Aim of the task: In the data below, one line contains "EARTHY BLACK - Women's" and a later one contains "Adidas Mountain Track Pants". Print both, with every line between them, exactly and alone.

Given data:
___

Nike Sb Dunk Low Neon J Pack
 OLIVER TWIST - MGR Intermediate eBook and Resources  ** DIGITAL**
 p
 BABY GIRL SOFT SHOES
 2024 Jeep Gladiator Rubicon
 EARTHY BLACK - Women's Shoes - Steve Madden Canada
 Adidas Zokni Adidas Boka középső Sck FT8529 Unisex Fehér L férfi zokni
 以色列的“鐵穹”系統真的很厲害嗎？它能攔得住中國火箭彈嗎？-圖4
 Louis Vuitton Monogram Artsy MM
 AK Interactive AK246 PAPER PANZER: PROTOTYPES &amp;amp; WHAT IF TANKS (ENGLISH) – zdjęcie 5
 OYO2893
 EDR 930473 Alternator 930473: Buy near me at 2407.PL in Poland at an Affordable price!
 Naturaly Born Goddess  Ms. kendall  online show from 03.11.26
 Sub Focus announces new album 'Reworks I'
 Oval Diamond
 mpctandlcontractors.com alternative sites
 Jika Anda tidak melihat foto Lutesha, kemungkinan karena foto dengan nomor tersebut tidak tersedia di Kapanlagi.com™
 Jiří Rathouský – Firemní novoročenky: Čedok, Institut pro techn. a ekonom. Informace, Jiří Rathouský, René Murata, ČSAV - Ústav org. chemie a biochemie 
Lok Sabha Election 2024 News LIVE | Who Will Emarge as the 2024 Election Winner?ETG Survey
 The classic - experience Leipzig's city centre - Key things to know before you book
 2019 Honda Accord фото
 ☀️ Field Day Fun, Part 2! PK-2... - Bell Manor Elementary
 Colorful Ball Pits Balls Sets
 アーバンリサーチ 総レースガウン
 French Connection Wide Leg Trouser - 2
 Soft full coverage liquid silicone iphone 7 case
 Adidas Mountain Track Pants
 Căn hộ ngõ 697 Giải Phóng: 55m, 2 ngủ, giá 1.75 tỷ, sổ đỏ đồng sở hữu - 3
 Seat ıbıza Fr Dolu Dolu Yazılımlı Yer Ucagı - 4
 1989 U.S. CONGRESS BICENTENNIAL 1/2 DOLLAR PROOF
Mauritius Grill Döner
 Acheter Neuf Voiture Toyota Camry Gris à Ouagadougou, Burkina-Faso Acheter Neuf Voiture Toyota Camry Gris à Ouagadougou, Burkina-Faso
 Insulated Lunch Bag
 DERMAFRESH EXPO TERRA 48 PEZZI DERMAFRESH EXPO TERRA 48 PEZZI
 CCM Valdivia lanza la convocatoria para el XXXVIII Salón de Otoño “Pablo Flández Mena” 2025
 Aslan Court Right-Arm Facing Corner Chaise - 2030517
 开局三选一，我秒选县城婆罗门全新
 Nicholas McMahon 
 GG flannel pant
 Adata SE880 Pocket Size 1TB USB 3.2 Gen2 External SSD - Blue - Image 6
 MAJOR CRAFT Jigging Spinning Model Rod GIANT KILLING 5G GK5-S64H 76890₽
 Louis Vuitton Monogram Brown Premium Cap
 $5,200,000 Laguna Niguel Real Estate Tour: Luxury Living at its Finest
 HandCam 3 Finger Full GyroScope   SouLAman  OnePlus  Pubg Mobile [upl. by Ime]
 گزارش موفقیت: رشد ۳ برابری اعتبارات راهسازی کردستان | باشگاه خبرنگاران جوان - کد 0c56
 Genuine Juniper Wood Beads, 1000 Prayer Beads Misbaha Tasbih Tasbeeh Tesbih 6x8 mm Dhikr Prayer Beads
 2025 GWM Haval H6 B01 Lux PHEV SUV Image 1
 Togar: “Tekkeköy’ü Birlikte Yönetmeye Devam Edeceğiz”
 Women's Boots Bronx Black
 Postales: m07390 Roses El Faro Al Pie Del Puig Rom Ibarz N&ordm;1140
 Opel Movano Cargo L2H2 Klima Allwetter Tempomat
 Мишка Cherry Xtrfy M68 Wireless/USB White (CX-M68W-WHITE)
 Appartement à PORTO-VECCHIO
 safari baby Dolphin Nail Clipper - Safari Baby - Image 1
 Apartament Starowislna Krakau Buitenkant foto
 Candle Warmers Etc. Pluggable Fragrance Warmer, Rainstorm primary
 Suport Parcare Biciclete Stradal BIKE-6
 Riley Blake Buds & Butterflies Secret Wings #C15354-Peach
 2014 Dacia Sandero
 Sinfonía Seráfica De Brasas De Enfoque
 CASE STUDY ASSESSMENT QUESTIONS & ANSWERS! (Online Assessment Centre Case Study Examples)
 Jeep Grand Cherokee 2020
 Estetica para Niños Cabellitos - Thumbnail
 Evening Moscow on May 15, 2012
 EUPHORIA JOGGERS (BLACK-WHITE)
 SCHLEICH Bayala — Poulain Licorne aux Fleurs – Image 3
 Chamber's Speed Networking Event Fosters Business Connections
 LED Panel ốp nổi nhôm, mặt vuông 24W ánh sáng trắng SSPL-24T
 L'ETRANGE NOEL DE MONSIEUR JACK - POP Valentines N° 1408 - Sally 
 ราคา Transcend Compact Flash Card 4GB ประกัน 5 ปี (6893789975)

___

Result of this task:
 EARTHY BLACK - Women's Shoes - Steve Madden Canada
 Adidas Zokni Adidas Boka középső Sck FT8529 Unisex Fehér L férfi zokni
 以色列的“鐵穹”系統真的很厲害嗎？它能攔得住中國火箭彈嗎？-圖4
 Louis Vuitton Monogram Artsy MM
 AK Interactive AK246 PAPER PANZER: PROTOTYPES &amp;amp; WHAT IF TANKS (ENGLISH) – zdjęcie 5
 OYO2893
 EDR 930473 Alternator 930473: Buy near me at 2407.PL in Poland at an Affordable price!
 Naturaly Born Goddess  Ms. kendall  online show from 03.11.26
 Sub Focus announces new album 'Reworks I'
 Oval Diamond
 mpctandlcontractors.com alternative sites
 Jika Anda tidak melihat foto Lutesha, kemungkinan karena foto dengan nomor tersebut tidak tersedia di Kapanlagi.com™
 Jiří Rathouský – Firemní novoročenky: Čedok, Institut pro techn. a ekonom. Informace, Jiří Rathouský, René Murata, ČSAV - Ústav org. chemie a biochemie 
Lok Sabha Election 2024 News LIVE | Who Will Emarge as the 2024 Election Winner?ETG Survey
 The classic - experience Leipzig's city centre - Key things to know before you book
 2019 Honda Accord фото
 ☀️ Field Day Fun, Part 2! PK-2... - Bell Manor Elementary
 Colorful Ball Pits Balls Sets
 アーバンリサーチ 総レースガウン
 French Connection Wide Leg Trouser - 2
 Soft full coverage liquid silicone iphone 7 case
 Adidas Mountain Track Pants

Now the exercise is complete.